» **WHAT TO PRODUCE**
Among the entries below, one line contains "So let's go" and another contains "So here I have". Transcribe those two lines and every line between them, exactly.

» **SUPPLIED RECORDS**
-----

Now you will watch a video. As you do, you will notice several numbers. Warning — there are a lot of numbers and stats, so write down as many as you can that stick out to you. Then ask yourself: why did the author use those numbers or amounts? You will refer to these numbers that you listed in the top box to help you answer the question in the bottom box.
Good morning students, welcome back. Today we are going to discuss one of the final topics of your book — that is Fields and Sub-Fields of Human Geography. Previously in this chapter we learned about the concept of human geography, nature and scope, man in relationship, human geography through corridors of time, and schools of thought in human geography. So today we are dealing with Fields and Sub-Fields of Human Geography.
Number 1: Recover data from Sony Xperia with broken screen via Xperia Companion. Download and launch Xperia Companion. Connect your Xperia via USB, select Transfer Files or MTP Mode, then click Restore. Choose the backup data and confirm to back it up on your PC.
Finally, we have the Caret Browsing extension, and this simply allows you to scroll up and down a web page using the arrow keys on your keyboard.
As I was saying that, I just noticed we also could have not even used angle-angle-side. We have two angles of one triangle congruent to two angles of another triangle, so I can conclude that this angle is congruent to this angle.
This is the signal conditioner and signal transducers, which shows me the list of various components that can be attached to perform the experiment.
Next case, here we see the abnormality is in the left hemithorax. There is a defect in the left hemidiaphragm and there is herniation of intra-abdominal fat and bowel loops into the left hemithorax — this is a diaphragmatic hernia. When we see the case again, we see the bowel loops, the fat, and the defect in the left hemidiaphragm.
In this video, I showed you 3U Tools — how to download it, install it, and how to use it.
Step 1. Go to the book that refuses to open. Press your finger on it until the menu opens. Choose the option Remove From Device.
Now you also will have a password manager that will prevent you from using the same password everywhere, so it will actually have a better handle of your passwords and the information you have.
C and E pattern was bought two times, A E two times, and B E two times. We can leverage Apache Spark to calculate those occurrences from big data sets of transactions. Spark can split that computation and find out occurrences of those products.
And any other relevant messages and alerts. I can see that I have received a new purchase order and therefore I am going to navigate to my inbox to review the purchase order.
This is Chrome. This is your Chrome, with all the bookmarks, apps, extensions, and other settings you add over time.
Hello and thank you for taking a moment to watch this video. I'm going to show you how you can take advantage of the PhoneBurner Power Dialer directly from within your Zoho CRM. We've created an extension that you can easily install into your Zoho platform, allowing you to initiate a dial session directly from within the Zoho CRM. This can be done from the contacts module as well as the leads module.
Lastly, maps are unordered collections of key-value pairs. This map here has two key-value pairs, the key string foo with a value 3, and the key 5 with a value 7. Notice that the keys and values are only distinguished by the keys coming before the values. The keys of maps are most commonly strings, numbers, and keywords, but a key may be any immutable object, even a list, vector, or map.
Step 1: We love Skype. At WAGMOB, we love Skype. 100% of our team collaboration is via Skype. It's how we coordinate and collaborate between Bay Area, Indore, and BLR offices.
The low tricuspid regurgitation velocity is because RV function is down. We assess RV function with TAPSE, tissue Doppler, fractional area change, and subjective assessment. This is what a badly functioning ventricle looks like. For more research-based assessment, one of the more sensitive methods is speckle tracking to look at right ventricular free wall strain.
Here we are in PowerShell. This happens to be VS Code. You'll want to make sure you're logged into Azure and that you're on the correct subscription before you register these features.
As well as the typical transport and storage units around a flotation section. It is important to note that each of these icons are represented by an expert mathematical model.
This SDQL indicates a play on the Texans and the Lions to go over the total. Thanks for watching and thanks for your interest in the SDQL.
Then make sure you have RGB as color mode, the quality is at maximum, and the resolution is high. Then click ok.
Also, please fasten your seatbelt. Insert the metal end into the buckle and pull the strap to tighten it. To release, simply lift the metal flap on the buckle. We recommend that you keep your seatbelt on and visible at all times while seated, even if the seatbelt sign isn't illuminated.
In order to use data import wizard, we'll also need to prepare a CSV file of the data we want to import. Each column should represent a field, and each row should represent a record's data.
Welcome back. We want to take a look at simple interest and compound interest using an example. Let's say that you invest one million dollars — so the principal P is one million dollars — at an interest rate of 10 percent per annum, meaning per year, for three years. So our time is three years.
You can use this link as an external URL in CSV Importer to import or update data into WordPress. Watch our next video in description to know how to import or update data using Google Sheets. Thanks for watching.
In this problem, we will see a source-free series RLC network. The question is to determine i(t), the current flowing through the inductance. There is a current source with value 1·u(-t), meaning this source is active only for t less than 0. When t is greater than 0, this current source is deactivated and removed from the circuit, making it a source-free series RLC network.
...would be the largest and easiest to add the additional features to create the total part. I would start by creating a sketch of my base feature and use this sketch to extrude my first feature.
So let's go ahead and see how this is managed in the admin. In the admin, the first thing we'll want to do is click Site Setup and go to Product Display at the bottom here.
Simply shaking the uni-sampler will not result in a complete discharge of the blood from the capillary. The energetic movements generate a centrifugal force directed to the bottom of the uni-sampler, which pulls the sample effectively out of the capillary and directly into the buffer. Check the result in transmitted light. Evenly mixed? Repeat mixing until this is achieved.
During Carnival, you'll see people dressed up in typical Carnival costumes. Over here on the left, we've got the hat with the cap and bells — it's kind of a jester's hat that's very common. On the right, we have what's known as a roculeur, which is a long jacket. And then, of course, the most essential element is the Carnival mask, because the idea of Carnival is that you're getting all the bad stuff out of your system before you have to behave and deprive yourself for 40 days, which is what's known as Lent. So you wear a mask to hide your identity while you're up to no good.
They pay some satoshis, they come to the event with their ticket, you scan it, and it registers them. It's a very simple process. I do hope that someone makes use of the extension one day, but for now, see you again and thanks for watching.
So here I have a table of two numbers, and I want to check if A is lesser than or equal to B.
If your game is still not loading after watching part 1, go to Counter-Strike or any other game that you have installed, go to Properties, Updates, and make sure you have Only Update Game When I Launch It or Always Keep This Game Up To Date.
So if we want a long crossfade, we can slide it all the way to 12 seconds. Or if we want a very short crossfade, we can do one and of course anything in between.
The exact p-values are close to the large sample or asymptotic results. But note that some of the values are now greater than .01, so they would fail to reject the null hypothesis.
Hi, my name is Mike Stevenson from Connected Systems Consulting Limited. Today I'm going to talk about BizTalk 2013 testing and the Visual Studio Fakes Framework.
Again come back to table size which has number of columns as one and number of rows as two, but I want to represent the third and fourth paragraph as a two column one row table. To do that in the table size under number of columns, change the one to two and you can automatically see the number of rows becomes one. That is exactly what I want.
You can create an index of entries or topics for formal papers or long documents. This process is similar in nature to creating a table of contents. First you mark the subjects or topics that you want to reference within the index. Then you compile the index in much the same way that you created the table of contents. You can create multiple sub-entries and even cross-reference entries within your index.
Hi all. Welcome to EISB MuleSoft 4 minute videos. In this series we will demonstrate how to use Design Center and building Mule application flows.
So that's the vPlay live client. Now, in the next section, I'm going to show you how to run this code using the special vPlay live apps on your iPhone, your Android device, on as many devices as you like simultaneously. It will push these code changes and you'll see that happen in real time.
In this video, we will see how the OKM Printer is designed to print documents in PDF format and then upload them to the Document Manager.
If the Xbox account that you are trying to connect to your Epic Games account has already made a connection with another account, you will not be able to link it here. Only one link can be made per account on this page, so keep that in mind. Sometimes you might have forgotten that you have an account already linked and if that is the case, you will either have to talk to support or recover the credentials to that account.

-----

» **RESPONSE AREA**
So let's go ahead and see how this is managed in the admin. In the admin, the first thing we'll want to do is click Site Setup and go to Product Display at the bottom here.
Simply shaking the uni-sampler will not result in a complete discharge of the blood from the capillary. The energetic movements generate a centrifugal force directed to the bottom of the uni-sampler, which pulls the sample effectively out of the capillary and directly into the buffer. Check the result in transmitted light. Evenly mixed? Repeat mixing until this is achieved.
During Carnival, you'll see people dressed up in typical Carnival costumes. Over here on the left, we've got the hat with the cap and bells — it's kind of a jester's hat that's very common. On the right, we have what's known as a roculeur, which is a long jacket. And then, of course, the most essential element is the Carnival mask, because the idea of Carnival is that you're getting all the bad stuff out of your system before you have to behave and deprive yourself for 40 days, which is what's known as Lent. So you wear a mask to hide your identity while you're up to no good.
They pay some satoshis, they come to the event with their ticket, you scan it, and it registers them. It's a very simple process. I do hope that someone makes use of the extension one day, but for now, see you again and thanks for watching.
So here I have a table of two numbers, and I want to check if A is lesser than or equal to B.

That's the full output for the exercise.